Missoula, Mont. (AP) — Authorities say a black bear somehow locked itself inside a Montana home and then nestled onto a closet shelf that wasn’t too hard, wasn’t too soft, but just right for a nap. Missoula County sheriff’s officials say the bear just yawned when deputies knocked on the window and unlocked the door in an attempt to coax it to leave Friday morning. They had to call Montana Fish, Wildlife and Parks Department officials, who tranquilized the bear so it could be re-located. Sheriff’s officials say in a Facebook post that deputies responded at 5:45 a.m. to a call that a bear opened the door to the Butler Creek’s mudroom and somehow locked the deadbolt once inside. They say the bear “began ripping the room apart” before climbing up the closet for a nap.

(Missoula County Sheriff's via AP)
(Missoula County Sheriff’s via AP)

 

Cat filter goof leaves Pakistanis scratching their whiskers

Peshawar, Pakistan (AP) — It was a mistake that had some people in Pakistan scratching their whiskers. A regional minister was giving a briefing that was livestreamed on social media last week when viewers noticed the officials had unexpected feline features. The cat filter, a social media feature applying drawn images onto people’s faces, was on. Social media was quick to pounce on the image. In a statement posted on Twitter, the ruling party’s social media team wrote it had determined “human error” by a hardworking volunteer caused the mistake. The team said the cat filter was removed “within a few minutes.” The team says actions have been taken to prevent “such an incident” in the future.

 

Woman uses shovel to kill cobra slithering on her patio

Fairless Hills, Pa. (AP) — A Pennsylvania woman used a shovel to kill a cobra she saw slithering on the patio of her apartment. Kathy Kehoe said the squawking of some blue jays outside her unit caught her attention Monday. When she looked outside, she saw a 4 to 5-foot-long serpent. The 73-year-old Kehoe says she noticed the lateral spot commonly found on cobras, grabbed a shovel and nudged its tail. When it rose and spread its hood, she realized it was a cobra. That’s when she decided to kill it. “I knew what I was doing was dangerous, I’m not a fool,” she said in a phone interview on Tuesday. “I just acted.
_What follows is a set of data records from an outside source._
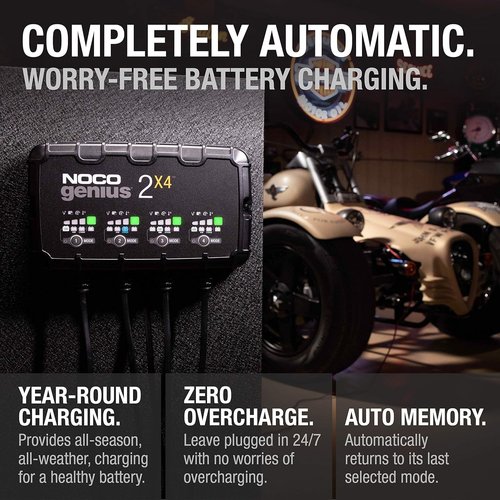 NOCO GENIUS2X4 Smart Battery Charger - 8A 4-Bank 6V/12V Maintainer & Desulfator with Overcharge Protection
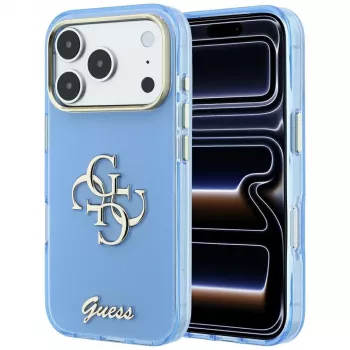 Guess IML 4G Script Metal dėklas, skirtas iPhone 18 Pro Max / 17 Pro Max, šviesiai mėlynas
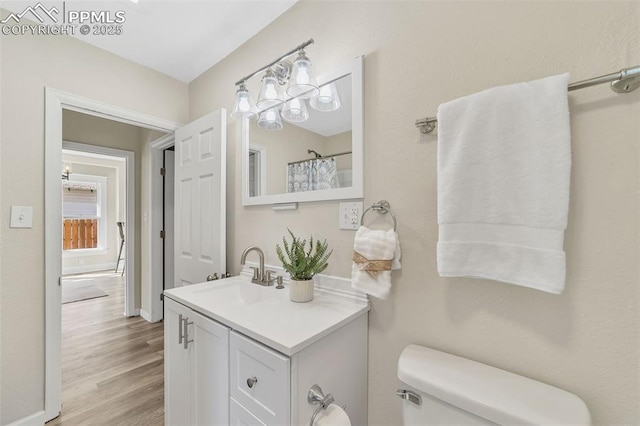 909 E 10th St, Pueblo, CO 81001 - bathroom featuring vanity, wood finished floors, and toilet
I thought of the kids and other people in this community and I said ‘I can’t let this thing get away.'” Her apartment complex in Fairless Hills, about 30 miles northeast of Philadelphia, is the same one where officials removed 20 venomous snakes from another apartment in March. Officials aren’t sure if the cobra had escaped from that unit. Wildlife officials say people who spot snakes should call police and let experts handle the situation.

(Kathy Kehoe via AP)
(Kathy Kehoe via AP)

 

Fugitive ‘attack squirrel’ owner arrested in Alabama chase

Killen, Ala. (AP) — An Alabama man who denied feeding methamphetamine to a so-called “attack squirrel” he considered a pet has been arrested on new charges. The Limestone County Sheriff’s Office tweeted that 35-year-old Mickey Paulk was caught Thursday night following a chase in which he rammed an investigator’s vehicle. Authorities had been seeking Paulk on multiple felony warrants unrelated to the squirrel he named “Deeznutz,” which was made infamous after police said they were warned about a meth-fueled squirrel that had been trained to attack. Paulk told The Associated Press last week that he was working on a plan for turning himself in to authorities. The sheriff’s office said narcotics investigators caught up with him while surveilling a motel in Killen. They spotted Paulk leaving on a stolen motorcycle and chased him down. Paulk has been booked into the Lauderdale County Jail on charges of attempting to elude, criminal mischief, receiving stolen property and felon in possession of a pistol after it was discovered he had a .45-caliber handgun in his waistband. It’s unclear whether he has a lawyer. As for Deeznutz, authorities say he couldn’t be tested for meth and has been released.